Looking East to Look West: Lee Kuan Yew's Mission India won India's most prestigious literary non-fiction prize, the Vodafone Crossword Book Award for 2009. Written by Sunanda K. Datta-Ray, the book is a "profound" and "intricate" analytic-history of India's first major foreign policy innovation since Non-alignment: the Look East policy. The policy began, according to Datta-Ray, during P.V. Narasimha Rao's tenure as Prime Minister of India. Rao devised the policy as only the first stage of a strategy to foster economic and security cooperation with the United States. However Looking East became an end in itself, and Singapore a valid destination, largely because of Minister Mentor Lee Kuan Yew. Today, Singapore is the route for the bulk of foreign direct investment into India and the channel for Indian companies to export to the international market. Datta-Ray details how this came about on the basis of eight one-on-one conversations with Lee, a series of interviews with supporting actors and a host of, till now, unseen documents, spanning peoples and historical records over nearly 75 years.

==Editions==
Published for the Indian market by Penguin, there have been three reprints of the international edition which is published by the Institute of South East Asian Studies (ISEAS) in Singapore. Datta-Ray is alleged to have said at the Vodafone Crossword award ceremony that the international edition is better produced than the Indian edition (see below).

==Reception==
Before the award, the book was well received in both India and Singapore. Recognizing that the title was understated because the book contained a novel argument which drew upon complex source material, the Indian Express said: "For once, a book delivers more than what the cover promises." Amitabh Mattoo, a leading Indian scholar, writes the book is, "a masterly chronicle". Singapore's The Straits Times carried fulsome reviews of the book.
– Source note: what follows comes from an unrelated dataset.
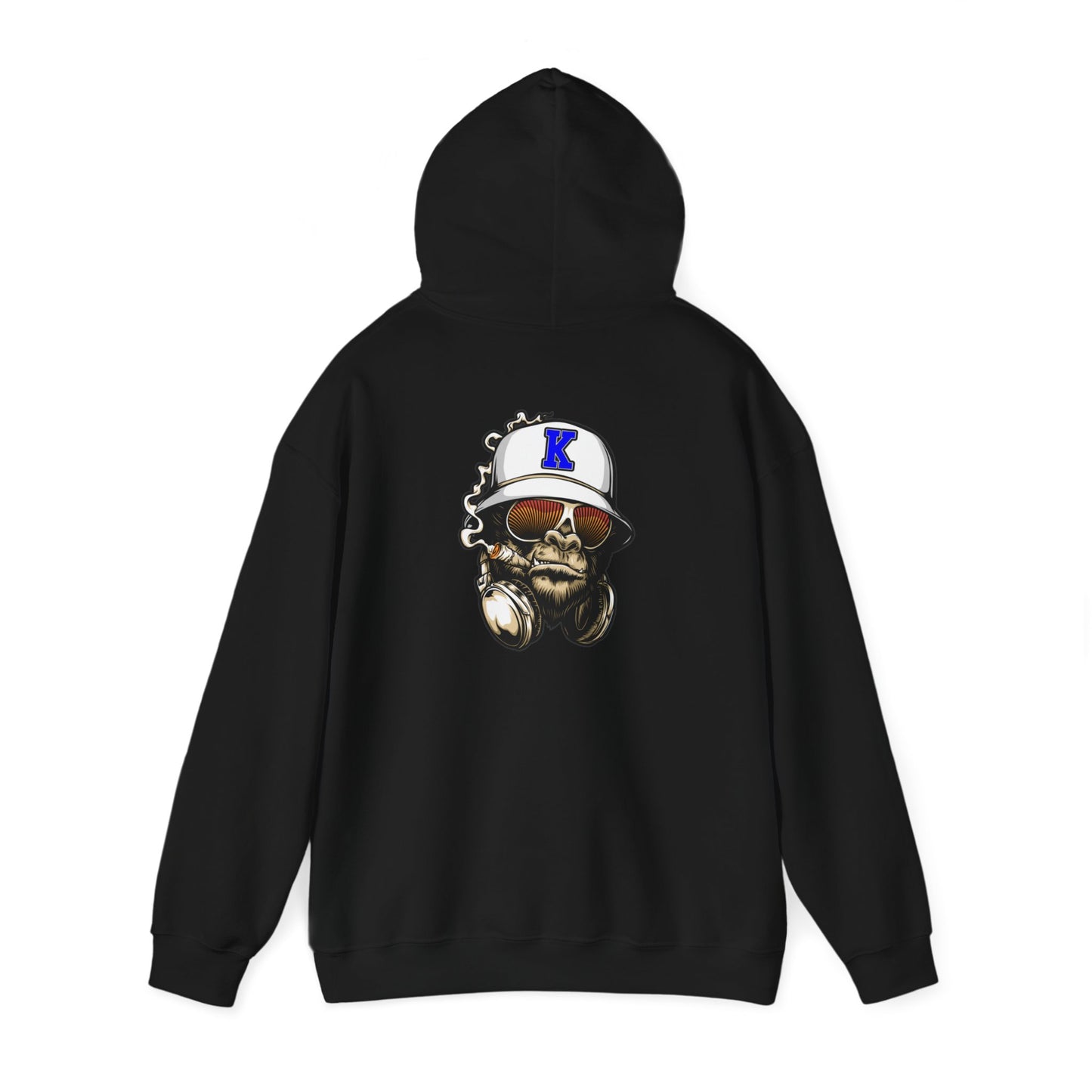 Gorilla Smoking (K) - Heavy Blend™ Hooded Sweatshirt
Former Indian National Security Adviser M.K. Narayanan commended Datta-Ray for his enterprising research skills, especially seeking out and interviewing key players. The book enjoys forewords by both the Indian and Singaporean Foreign Ministers at the time of publication. Indian Foreign Minister Pranab Mukherjee writes: "India's Look East Policy ... has given us renewed confidence in India's Asian destiny. ... To bring together the multiple strands of this complex relationship, there is no better person than Sunanda K Datta-Ray."

In Singapore, President S.R. Nathan launched the book.
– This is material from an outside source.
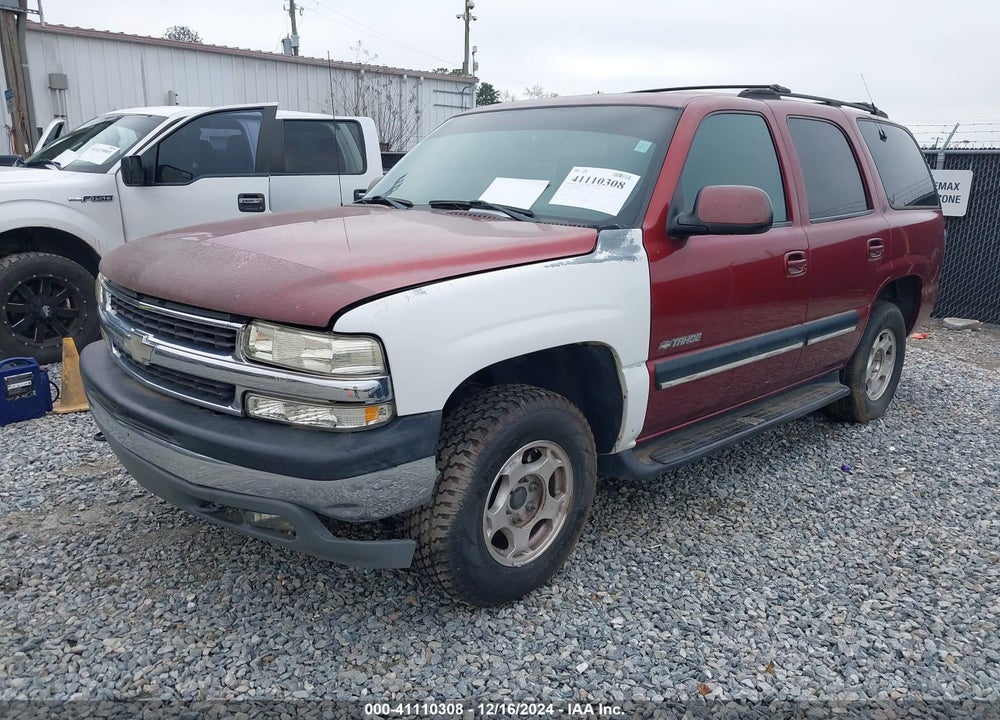 2001 CHEVROLET TAHOE LT VIN: 1GNEK13T01R189068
The book also appears to have been well received by other academic organizations. Datta-Ray was invited to speak about his book at St. Anthony's college in Oxford University and at Peterhouse college in Cambridge University.

Datta-Ray also spoke on the subject at Chatham House in London.

==Controversy==
At the Vodafone Crossword award ceremony, Datta-Ray is alleged to have recounted the trials and tribulations of publishing the book. "He jovially jibed at his Indian publishers for having made so many mistakes," which were rectified by the Singaporean publishers of the international edition, ISEAS. Another journalist reported, "Datta-Ray took the opportunity to flay his publisher publicly: for lack of enthusiasm and competence."

Some Indian newspapers also commented on the fact that Looking East to Look West beat a book by Gurcharan Das which was also short-listed for the Vodafone Crossword non-fiction award.